On the Geowankers list Andrea Moe made a query
> I have an existing collection of lat/lons, each representing a place where a
> photo was taken. I want to computationally find the geographic clusters in
> this collection, i.e. the geographic areas with the densest concentrations
> of points. (So it sounds like Andrew’s “location-closeness clustering” is
> what I’m thinking of.) Having found these most-photographed areas, I want to
> find the geographic name that best describes each area, such as a region,
> city, neighborhood or park name. So, I’m looking for two different things, a
> location-closeness clustering algorithm and a gazetteer lookup.
What he wants relates highly with what I want, and with something around which I have written a bit of code…so my response on the list seems (According to Schuyler
to be a fit topic for posting…
I have the precise same problem of having photographs and trying to
extract meaning from the clusters. I’ve been working on code to
scratch this itch, and I’d be happy to send it to anyone, or to work
with someone else to generalize the solution. The code is in Perl.
I also have track logs for all of the points where the photos were
taken. So I know when I was near to each photo (both when it was
initially taken, plus subsequent visits to the area). I also have a
collection of waypoints for the general area. And finally, I have a
collection of travel ephemera like ticket stubs and receipts, that all
have time stamps and which I’ve been geocoding based on the track
logs.
I wrote some perl code to show the waypoints that are closest to each
photo, and then to show the photos that are close to each waypoint.
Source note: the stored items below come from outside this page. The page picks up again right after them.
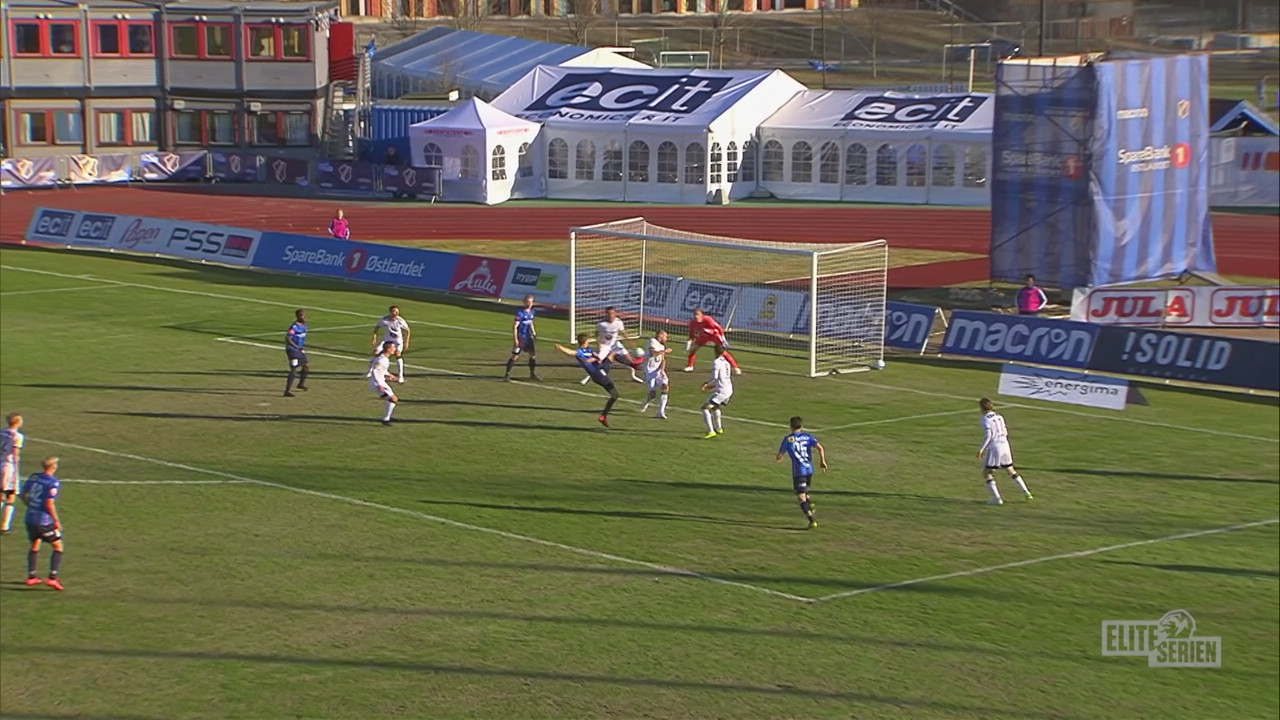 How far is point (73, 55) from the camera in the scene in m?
78.5

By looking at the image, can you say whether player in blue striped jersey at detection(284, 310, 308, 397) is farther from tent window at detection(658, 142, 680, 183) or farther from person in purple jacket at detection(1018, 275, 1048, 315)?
tent window at detection(658, 142, 680, 183)

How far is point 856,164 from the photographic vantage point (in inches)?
2699

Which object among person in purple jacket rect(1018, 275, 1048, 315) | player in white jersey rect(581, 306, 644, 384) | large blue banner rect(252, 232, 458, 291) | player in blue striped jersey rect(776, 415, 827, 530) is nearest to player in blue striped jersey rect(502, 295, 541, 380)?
player in white jersey rect(581, 306, 644, 384)

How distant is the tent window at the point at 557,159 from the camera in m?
71.3

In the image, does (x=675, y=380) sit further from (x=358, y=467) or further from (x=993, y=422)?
(x=993, y=422)

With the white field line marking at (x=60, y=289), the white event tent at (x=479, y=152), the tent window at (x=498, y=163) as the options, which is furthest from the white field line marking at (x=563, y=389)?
the tent window at (x=498, y=163)

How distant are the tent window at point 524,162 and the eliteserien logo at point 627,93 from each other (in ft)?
6.77

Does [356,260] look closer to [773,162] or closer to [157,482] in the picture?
[157,482]

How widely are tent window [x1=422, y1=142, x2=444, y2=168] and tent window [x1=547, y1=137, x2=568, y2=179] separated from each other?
481 cm

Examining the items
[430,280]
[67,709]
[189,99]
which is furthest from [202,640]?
[189,99]

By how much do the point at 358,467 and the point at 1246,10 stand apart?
59.2 feet

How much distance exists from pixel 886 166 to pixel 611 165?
11.9 metres

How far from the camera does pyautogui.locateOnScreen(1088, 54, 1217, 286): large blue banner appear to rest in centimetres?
4253

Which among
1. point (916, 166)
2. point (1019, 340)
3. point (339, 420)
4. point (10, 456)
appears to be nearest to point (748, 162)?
point (916, 166) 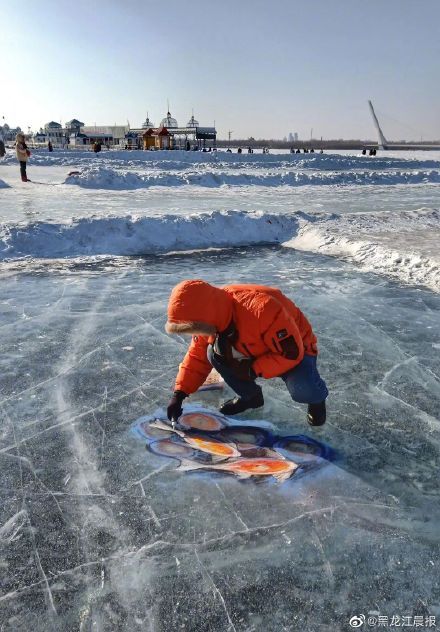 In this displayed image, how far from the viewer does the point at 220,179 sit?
20.5 meters

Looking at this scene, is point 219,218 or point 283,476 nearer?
point 283,476

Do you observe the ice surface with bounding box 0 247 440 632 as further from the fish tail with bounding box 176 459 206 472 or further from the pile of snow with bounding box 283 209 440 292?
the pile of snow with bounding box 283 209 440 292

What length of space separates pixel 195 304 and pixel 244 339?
15.4 inches

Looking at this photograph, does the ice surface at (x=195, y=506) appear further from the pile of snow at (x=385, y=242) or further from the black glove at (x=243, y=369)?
the pile of snow at (x=385, y=242)

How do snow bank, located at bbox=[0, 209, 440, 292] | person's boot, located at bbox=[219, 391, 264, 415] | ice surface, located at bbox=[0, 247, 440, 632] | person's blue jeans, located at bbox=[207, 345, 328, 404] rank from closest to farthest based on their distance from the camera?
ice surface, located at bbox=[0, 247, 440, 632], person's blue jeans, located at bbox=[207, 345, 328, 404], person's boot, located at bbox=[219, 391, 264, 415], snow bank, located at bbox=[0, 209, 440, 292]

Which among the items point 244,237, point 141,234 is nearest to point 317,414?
point 141,234

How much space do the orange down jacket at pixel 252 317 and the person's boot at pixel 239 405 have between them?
1.58 ft

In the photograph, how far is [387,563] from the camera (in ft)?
6.15

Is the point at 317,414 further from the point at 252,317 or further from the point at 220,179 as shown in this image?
the point at 220,179

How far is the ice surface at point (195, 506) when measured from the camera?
1.72 metres

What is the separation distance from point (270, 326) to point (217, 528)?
993mm

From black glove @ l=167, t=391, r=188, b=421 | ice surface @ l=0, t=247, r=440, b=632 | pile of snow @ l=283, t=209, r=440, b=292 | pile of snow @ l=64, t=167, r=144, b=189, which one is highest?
pile of snow @ l=64, t=167, r=144, b=189

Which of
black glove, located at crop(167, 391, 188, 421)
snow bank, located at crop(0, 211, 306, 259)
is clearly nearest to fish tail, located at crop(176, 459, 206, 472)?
black glove, located at crop(167, 391, 188, 421)

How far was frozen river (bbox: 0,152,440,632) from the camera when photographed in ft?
5.69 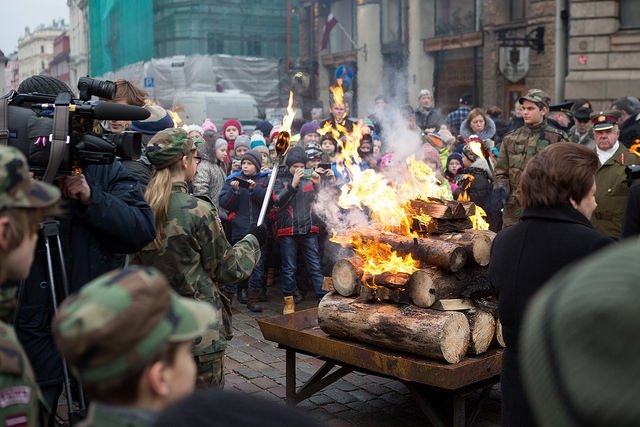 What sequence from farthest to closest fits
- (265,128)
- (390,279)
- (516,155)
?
(265,128), (516,155), (390,279)

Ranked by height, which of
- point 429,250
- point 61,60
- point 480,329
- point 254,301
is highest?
point 61,60

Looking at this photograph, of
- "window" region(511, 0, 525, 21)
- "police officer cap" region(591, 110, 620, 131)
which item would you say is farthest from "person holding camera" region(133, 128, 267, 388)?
"window" region(511, 0, 525, 21)

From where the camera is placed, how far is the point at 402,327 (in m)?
5.22

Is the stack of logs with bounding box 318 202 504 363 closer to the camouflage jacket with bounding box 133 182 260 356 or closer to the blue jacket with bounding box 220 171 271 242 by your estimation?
the camouflage jacket with bounding box 133 182 260 356

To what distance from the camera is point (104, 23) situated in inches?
1374

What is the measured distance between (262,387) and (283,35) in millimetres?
30359

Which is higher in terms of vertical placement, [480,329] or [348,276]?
[348,276]

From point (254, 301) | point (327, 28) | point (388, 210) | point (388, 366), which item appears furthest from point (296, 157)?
point (327, 28)

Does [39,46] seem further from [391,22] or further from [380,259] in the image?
[380,259]

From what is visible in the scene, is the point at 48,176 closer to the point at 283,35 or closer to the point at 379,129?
the point at 379,129

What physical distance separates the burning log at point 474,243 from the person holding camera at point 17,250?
3.72 metres

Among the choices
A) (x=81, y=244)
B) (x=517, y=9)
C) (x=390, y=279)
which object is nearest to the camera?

And then to show when I was ‘near’ to each waypoint and to each
photograph.
I realized during this process that in many (but not all!) cases that
the nearest waypoint(s) to a picture made a pretty good tag for that
picture.
The pictures where ‘Vodensky’ was the nearest waypoint were, sure
enough, best tagged as ‘Vodensky’ for the Vodensky Military Museum.
And the pictures closest to the waypoint ‘ASIEN-GIRLS’ were in fact of
the strip club that featured ‘Asien Girls.’
This technique serves to create clusters of a sort. But in this case
the waypoints manually define the cluster centers…which is very
effective, but is sort of cheating
Schuyler wrote some cool clustering code for Google Maps Hacks. Here
is an example of the code in action:
http://mappinghacks.com/projects/gmaps/cluster.html
You click on markers with the black dots to zoom in on a cluster. You
click on a marker without a black dot to see information on an
individual point.
This shows most of my personal waypoints in a clever sort of
clustering. He started with a K-means clustering
(http://en.wikipedia.org/wiki/K_means) and then futzed with it a bit
in order to make it look better.
This is not the only, or maybe even best, clustering algorithm-but
analyzing the strengths of various clustering algorithms is beyond my
current abilities and interests.
Here is the same code used to show a cluster of my recent pictures:
http://mappinghacks.com/projects/gmaps/cluster_pix.html
In theory you can click on the markers without black dots and an info
box pops up with a thumbnail, and you can click on the thumbnail to
see all the pictures. This works except a) the thumbnails are not pre
loaded, so it can take a bit to load and more importantly b) there are
many ‘terminal’ clusters. By which I mean, clusters which can’t be
zoomed in more because the map is at maximum zoom. I should do
something about that, like show a list of points when they can’t be
zoomed further, or some such. Some day
The gazeteer lookup is either fairly easy, or a pita. The challenge
is in having a meaningful gazeteer. The US Geographic Names
Information Service data is great:
http://geonames.usgs.gov/ (there are also links there to the GEOnet
names server for international names).
The problem with the GNIS is that they have nearly two million names
for the continental US. An embarrassment of riches. You could get
pretty good data by using the populated place ‘class,’ but even there
you end up with lots of supposed populated place names which don’t
always match the names that people actually use (this ‘problem’ might
just be my personal lack of sensitivity/awareness to the historical
aspects of my location…). Using the ‘park’ class works well.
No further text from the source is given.